In comparison, an advertisement is not a recommendation as it comes directly from the business trying to promote their product or service. It doesn’t have to go through a third party for it to be deemed as newsworthy enough to be shared, meaning it lacks this added credibility.
Furthermore, an advertisement can say whatever the SME owner wants it to say, however this doesn’t necessarily mean what it says it true, whereas a journalist or influencer would only want to use true facts with evidence to back up those claims.
PR vs Advertising: Relationships
Public relations can help you build relationships with your customers, stakeholders and the media. A study by the Content Marketing Institute showed that 70% of consumers prefer getting to know a company via articles rather than ads, as through PR you have the ability to share much more about yourself and your business.

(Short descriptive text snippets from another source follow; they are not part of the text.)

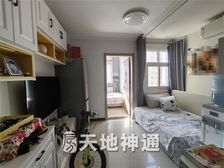 天地神通 雁鸣园电梯房精装2居室诚意出售可议价
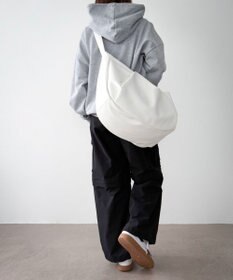 WEGO 【ユニセックス着用ITEM】タックポケットBIGショルダー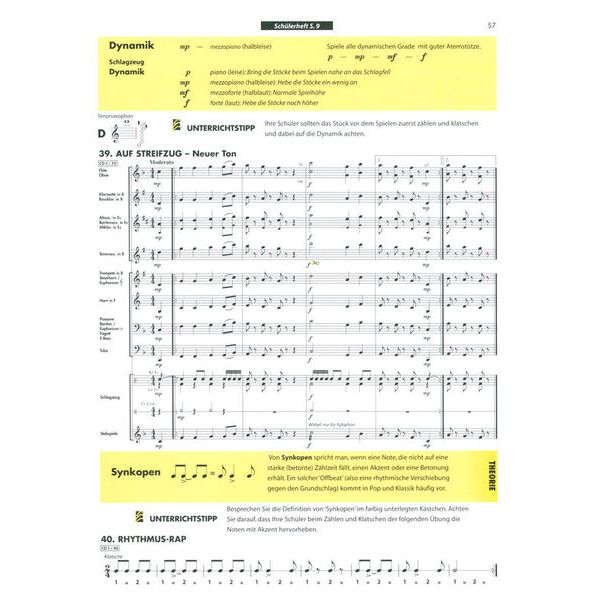 De Haske Essential Elements Score 2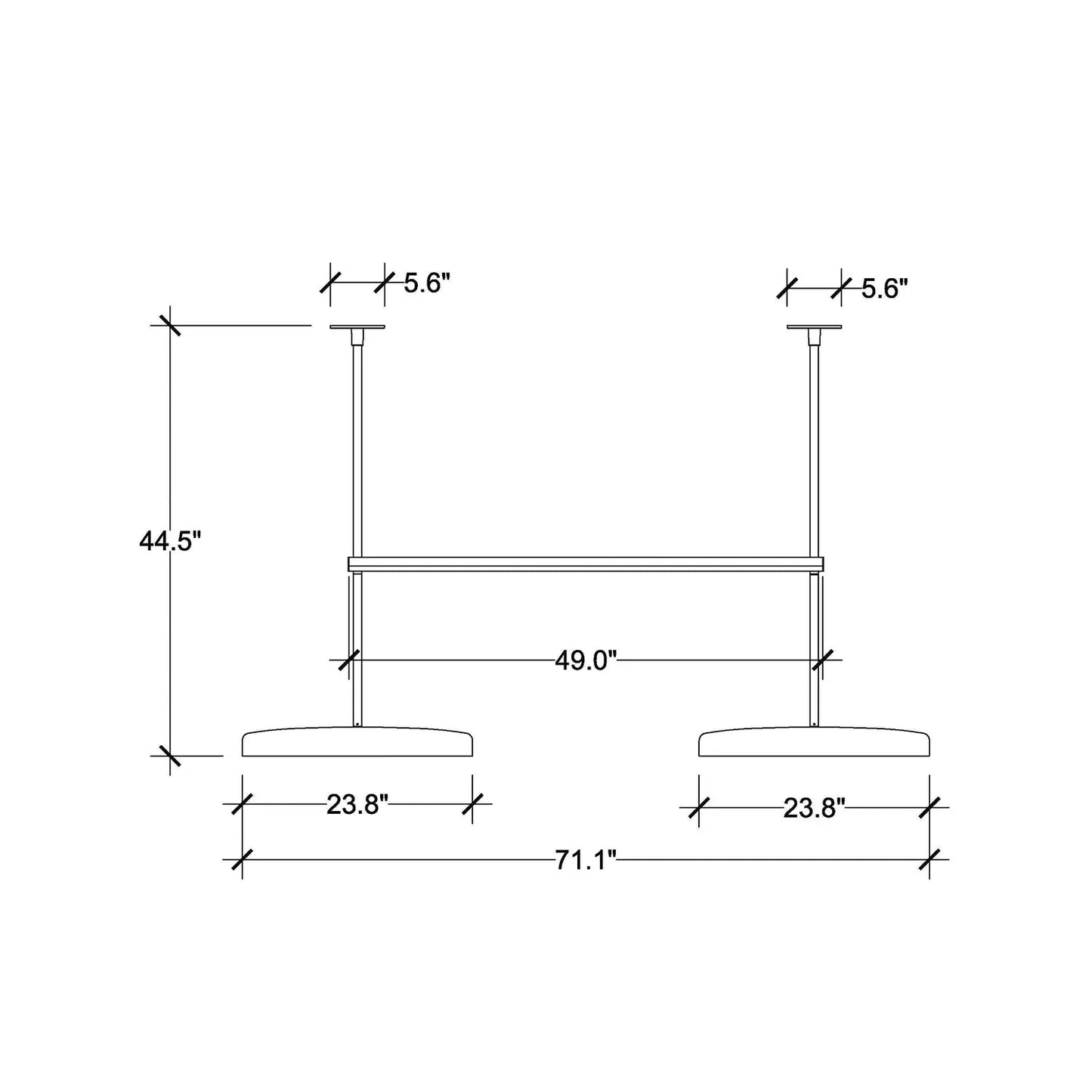 Infra-Structure Episode 2 - Versatile Tubular Structure - JANGEORGe Interiors & Furniture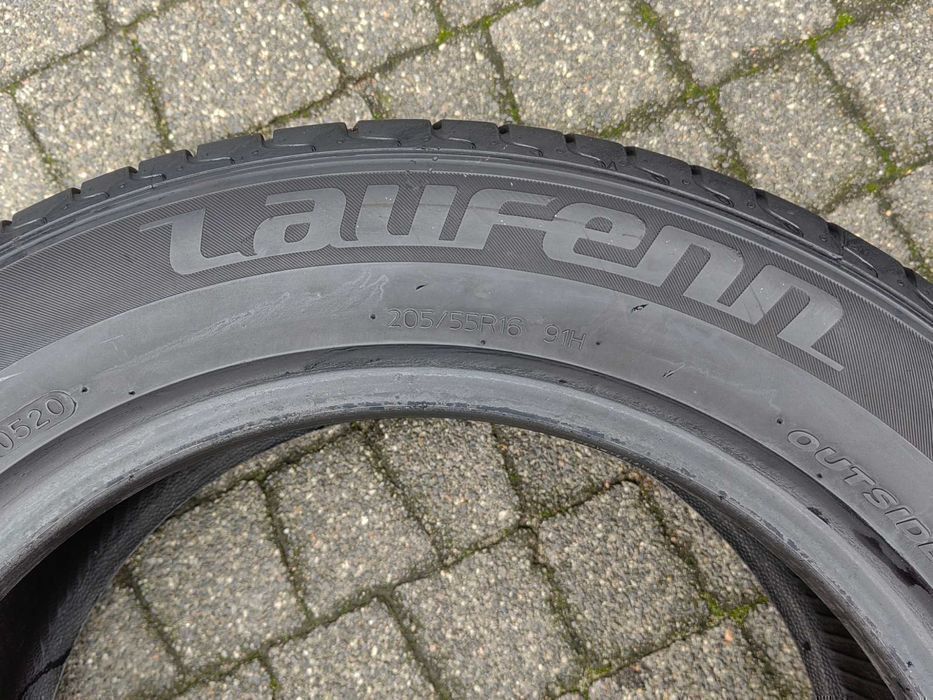 205/55R16 91H Laufen s fit EQ opona pojedyncza letnia 2020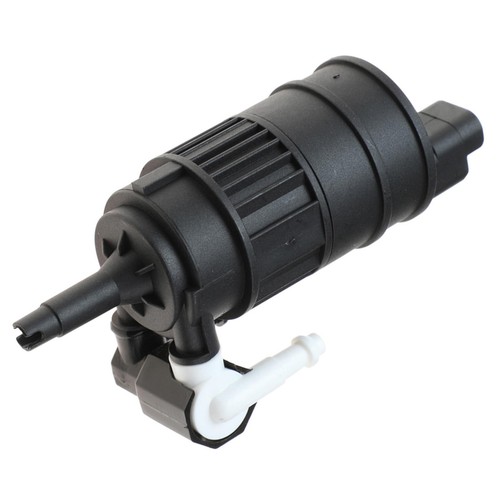 Windshield Washer Pump Replacement - 12V 2-Pin - Fits Honda, Acura, Subaru, Mitsubishi & Others - OE 38512-SB0-J01 76806-SL0-G11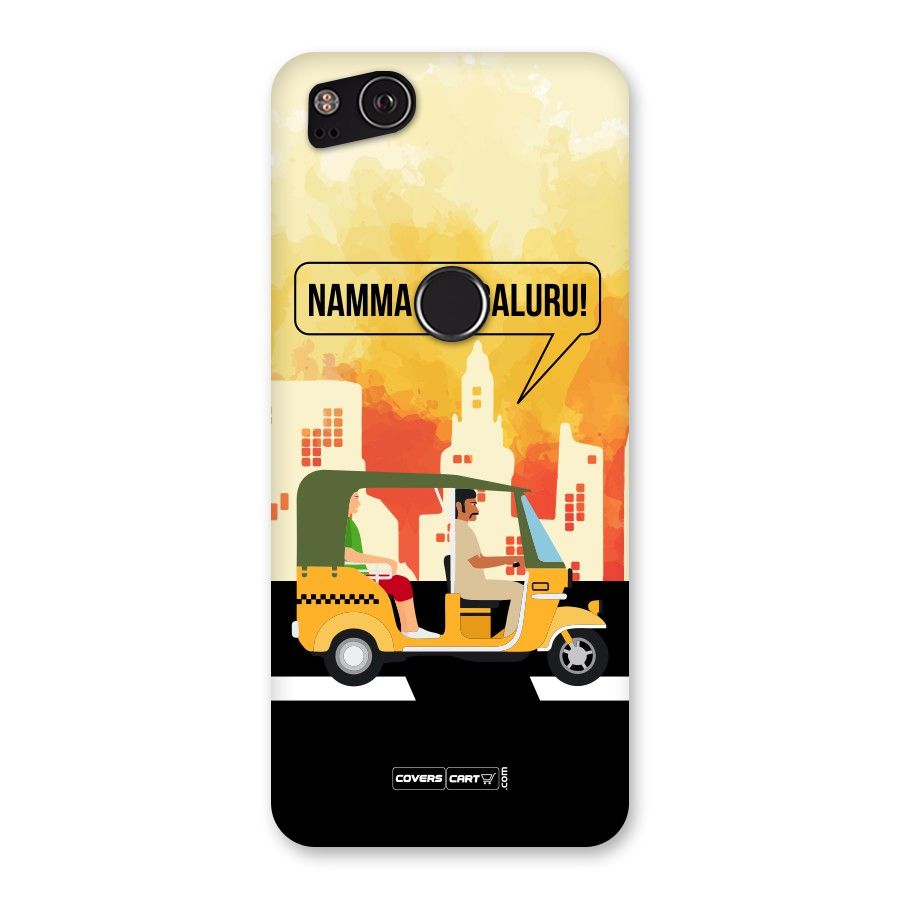 Namma Bengaluru Back Case for Google Pixel 2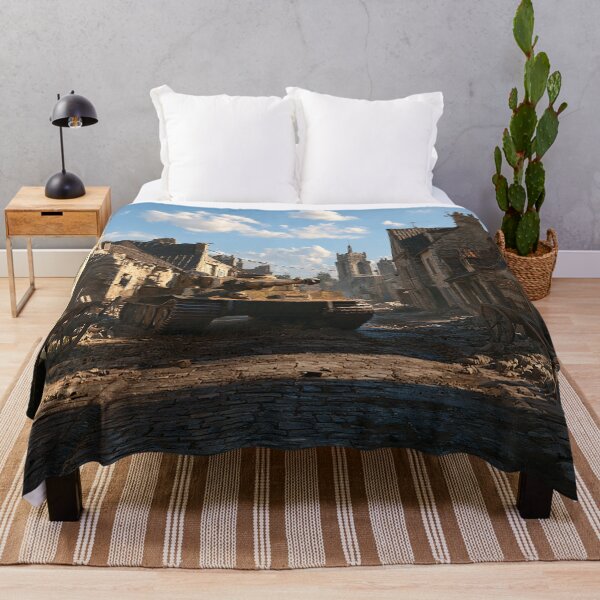 Item preview, Through the Ruined Village designed and sold by Skyframe Aviation.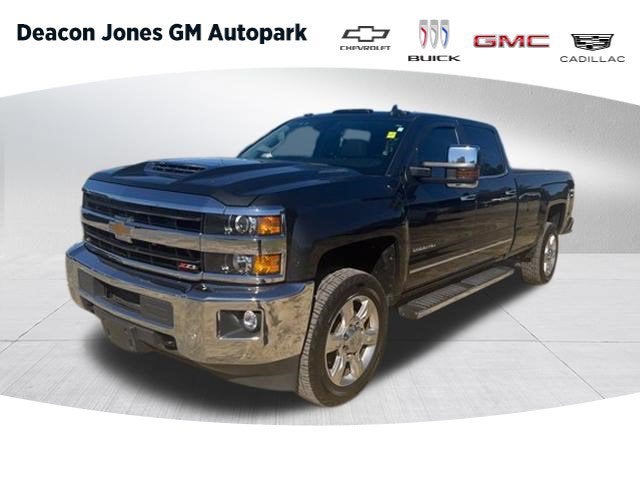 2019 Chevrolet Silverado 2500 HD LTZ
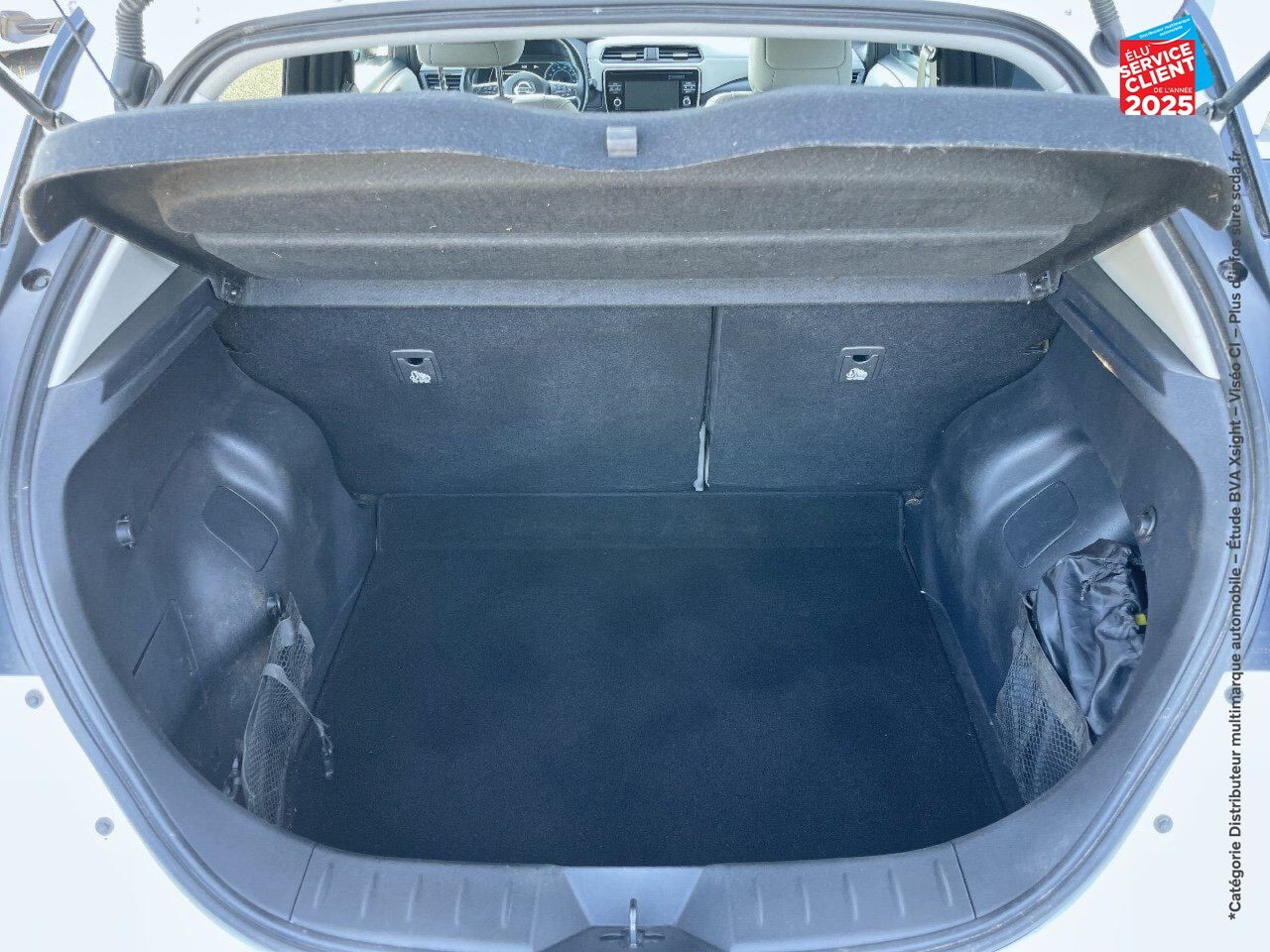 chez Nissan Strasbourg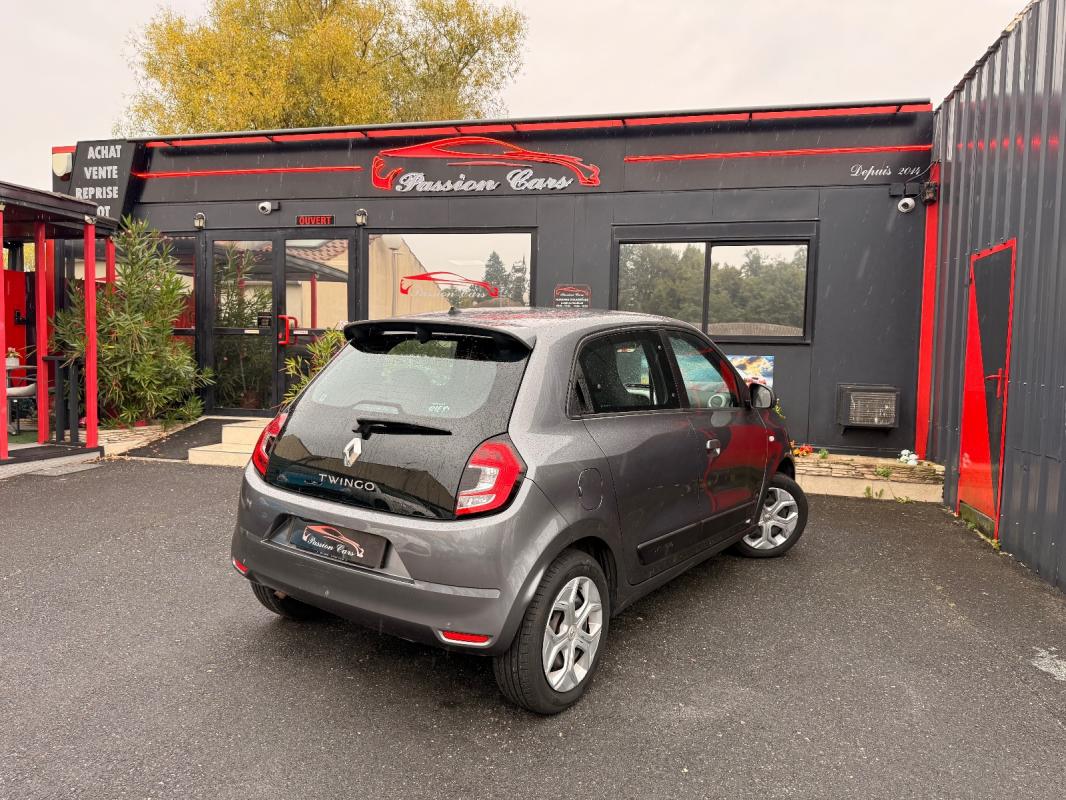 Renault Twingo III 0.9 TCe 95 Zen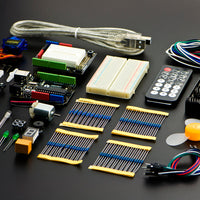 Starter Kit for Arduino V3 - DFRobot DFR0100 image 5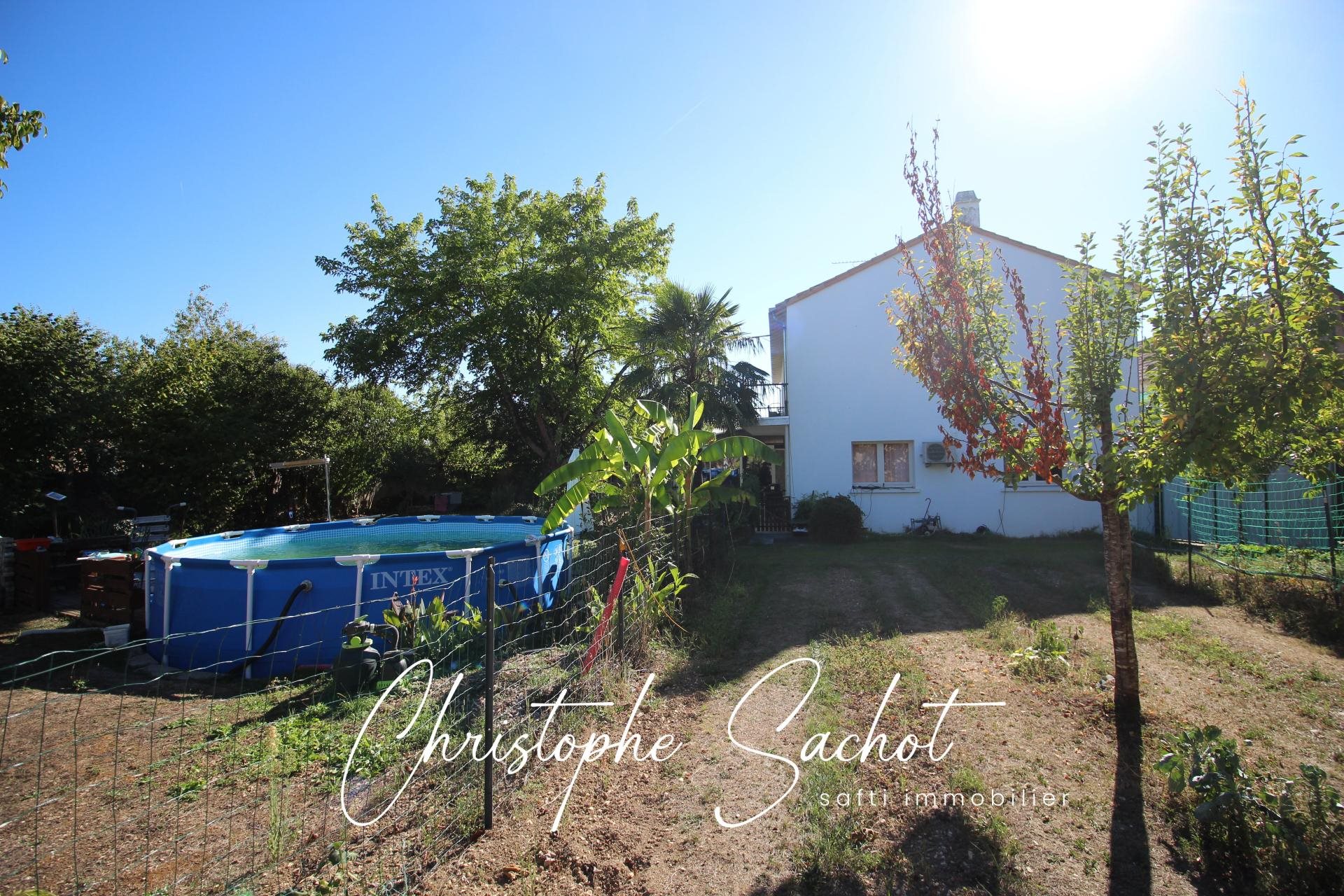 Maison à vendre, 164m², Arçais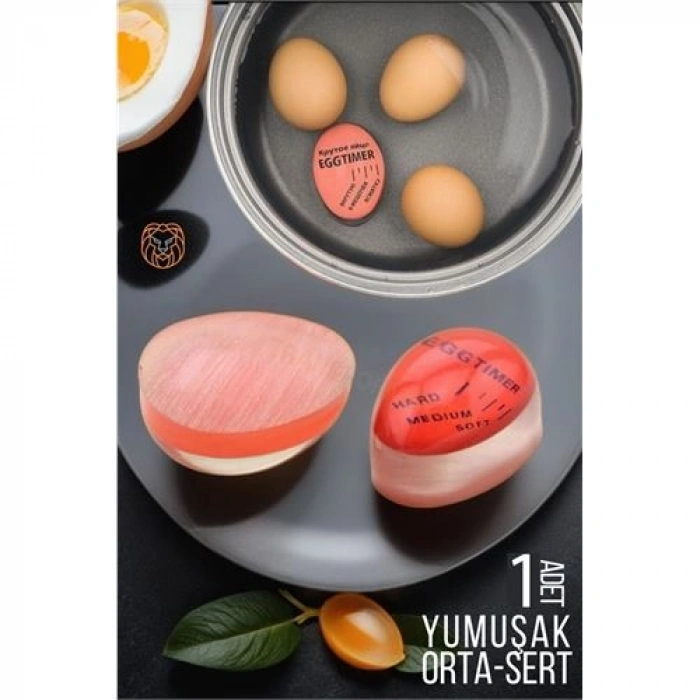 VipMarketim Yumurta Zamanlayıcı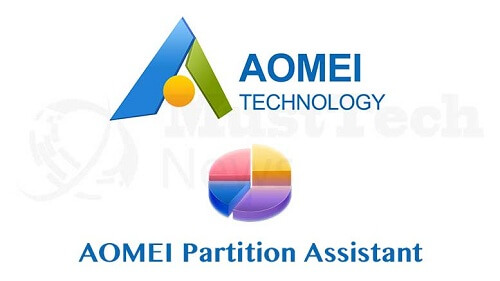 Aomei Partition Assistant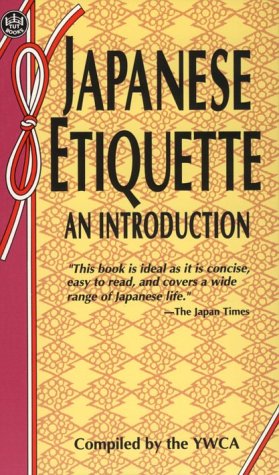 Book cover for Japanese Etiquette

A feature or interview allows you to delve into your background, how you started your business, the challenges you’ve faced and how you’ve overcome them. This helps your customers feel more connected to your brand as they can relate to you on a personal level.
In comparison, an advertisement limits you to a few words which need to be short and snappy in order to catch attention. However, in these few words you’ll struggle to really give the reader any in depth information about you and your business, meaning they don’t find out anything about the person behind the brand and don’t have the opportunity to connect with you as a business owner.
Our brand ambassador Tetteh Kofi often says, ‘people buy people’, something which is easy to achieve with PR however many SMEs will struggle with this when using advertisements.
PR vs Advertising: Cost Effective
A piece of coverage is said to be worth three times the value of an advert, however you’ll end up paying much more to place an advertisement than you will to gain coverage. In fact, most PR can be done for free: pitching via email, using social media sites such as Twitter and responding to #journorequest’s, or you can use affordable online tools to send press releases such as JournoLink and give your PR a boost.
As a result, PR is often more in line with an SME’s budget compared to advertising rates which can range from a few hundred to hundreds of thousands of pounds depending on the publication and type of advert you choose.
Furthermore, you often see a higher return from a piece of coverage compared to an advert. A study from Ragan illustrated that 86% of people skip TV advertisements, highlighting the fact the society today is programmed to ignore advertisements as we’re flooded with so many, as well as people losing interest in the traditional advertising tactics.
These three key points emphasise why PR is better than advertising for SME owners, from giving your brand more credibility and making it more personal to fitting within an SMEs budget. It shows why business owners should turn their attention, and wallets, to public relations.